The pressure behind my eyes builds, but I refuse to let it take over. “I’m sorry.” The words are bitter in my mouth, too little, too late. “I should have told you when it mattered, when you were standing right in front of me instead of buried under six feet of dirt. But I didn’t, and I hate myself for it.” My breath shudders. “You were brilliant, Beckett. You were everything. And I wasted time being angry when I should’ve just said I was proud of you. I’m still proud of you.”
I slam my eyes shut, but it does nothing to hold back the flood. The grief boils over, the self loathing twists deep, and then—then I’m crumbling, shaking, the tears tearing their way free.

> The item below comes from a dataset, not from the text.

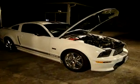It's a 2007 Ford Mustang Shelby GT. This car has a clean title. It's 6,200 miles. It runs great. It's got a Shaker 500 stereo system.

“You were fearless. Or at least, that’s what it looked like from where I was standing. Every dream you had, you just reached for it and somehow, the universe made room for you. But me? I spent my whole life feeling like I had to ask permission just to exist. But when I found out you kept your scholarship from me, it was more than just a secret. It was proof that you saw it too—the gap between us, the way my world was so much smaller than yours.” Tilting my head back, I blink hard, willing the tears to ease. “That crushed me more than the secret ever could. You never really knew how much I wanted the world for you.”
Wind stirs the grass around me, dragging against the earth in a way that feels almost impatient. The sky bruises with the retreating sun, streaks of deep purple and orange stretching wide, the world feels too open, like it’s waiting for me to finish.
“I should have been there that night. I told myself I needed space, that there’d be time to fix things—but there wasn’t. Tomorrow never came for you.” I press my palm to my sternum, like I can keep my insides from spilling out. “And now, I’d give anything to go back, to find you by the fire, and tell you what mattered most.” My throat cinches around the words I’d give anything for him to actually hear. “I love you, Beckett.”
My lips press together as I smooth out his letter, the words settling into the space grief carved out a long time ago. For a second, he’s here—not in body, not even in voice, but in the rhythm of his handwriting. Each sentence sinks deeper than the last, pressing into me like footprints left in wet cement.
When I reach the end, my eyes catch on his signature. My thumb dragging over the slant of each letter, half expecting it to smear beneath my touch, to react in some way—to acknowledge me. But the ink stays. The silence stays. And for the first time, I let myself stay with it.